Problem requirements -
Could you write out the listing below exactly as it stands, leaving out the pictures?

Data provided -
__________________________________________________
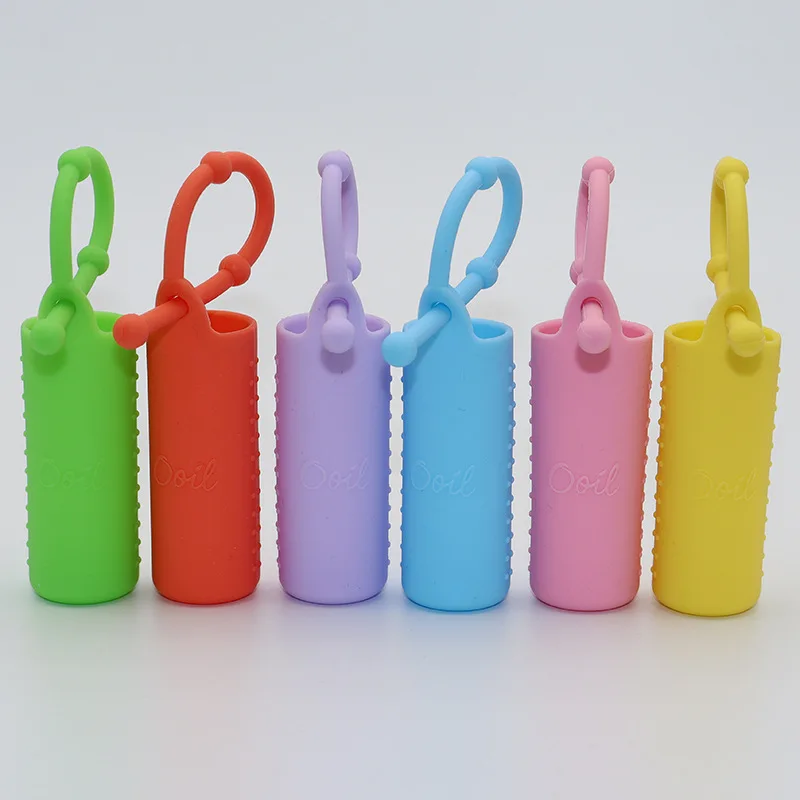 Colorful Silicone Protective Carrying Holder Case for 10ml Essential Oil Bottle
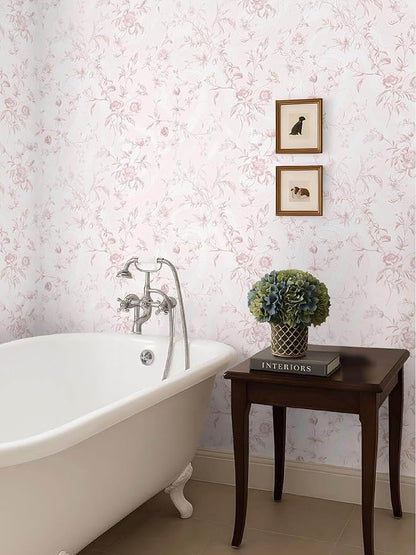 Ismoon Peel and Stick Wallpaper Floral Pink Stick on Wall Paper Vintage French - Image 8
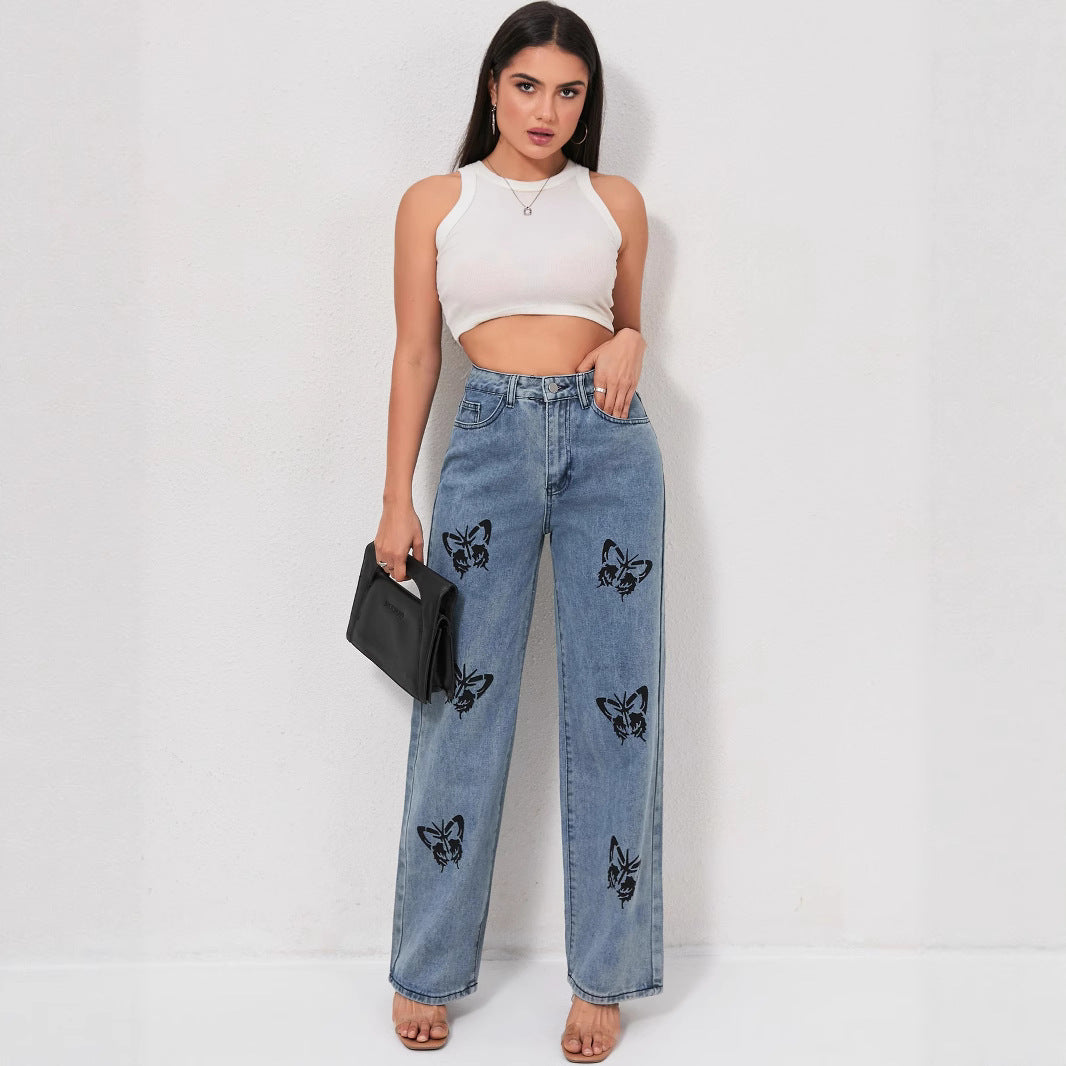 Damen Weite Jeans mit auffälligen Schmetterlings-Prints R&B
__________________________________________________
Written response -
 Colorful Silicone Protective Carrying Holder Case for 10ml Essential Oil Bottle
 Ismoon Peel and Stick Wallpaper Floral Pink Stick on Wall Paper Vintage French - Image 8
 Damen Weite Jeans mit auffälligen Schmetterlings-Prints R&B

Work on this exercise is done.